With Spec-Kit + Claude Code: one day. I started in the morning, by 6pm I was testing with the provider's sandbox. It worked.
Plot twist: the provider's pricing wasn't what I expected (minimum license out of budget). A bit of a blow. But no reason to give up—multi-provider support was needed anyway (EU providers only support EU banks, and vice versa for the US).
New EPIC with Spec-Kit: refactor all the code into abstract classes to support any provider. 48 hours later: done, tested, functional. Implementing a new provider now comes down to coding its specific business class and converting its payloads to standardized Anantys objects.
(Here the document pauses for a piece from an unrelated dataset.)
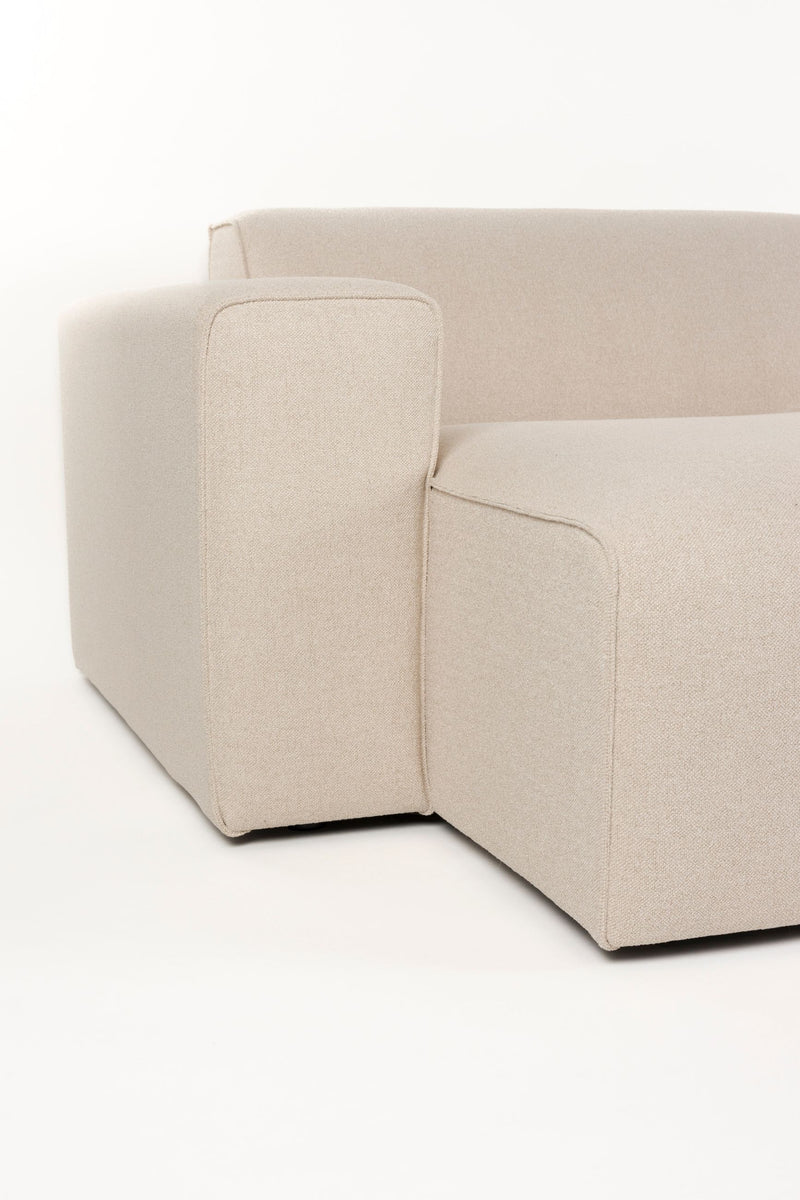 Sofa Milka 4,5-Sitzer links in Sand mit Chaiselongue von Zuiver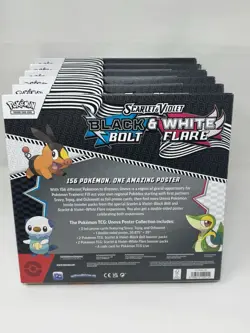 Lot of 6 - Pokemon TCG Scarlet & Violet 10.5 Unova Poster Collection Box Bundle - Image 2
The provider's sales rep was surprised my implementation was already working. They're used to assigning a "sales engineer" to help their clients...
2026: the reality check
Switching to Claude Code reminds me exactly of what I felt when I moved from hand-coding to Cursor. The same gap. The same feeling of stepping up a level.
Except this time, it's even stronger. I feel like I'm working with someone extremely qualified. Not a tool, not an assistant—a collaborator. One who understands context, proposes relevant solutions, and produces code I'm not ashamed to merge.
The numbers speak for themselves: an EPIC that would have taken me two to three weeks wraps up in one or two days. And I'm not sacrificing quality—quite the opposite. Opus's systematic reviews at the end of each session give me a safety net I never had before.
This isn't "coding with help" anymore. It's a radical transformation of what it means to be a developer. The world has changed. Completely.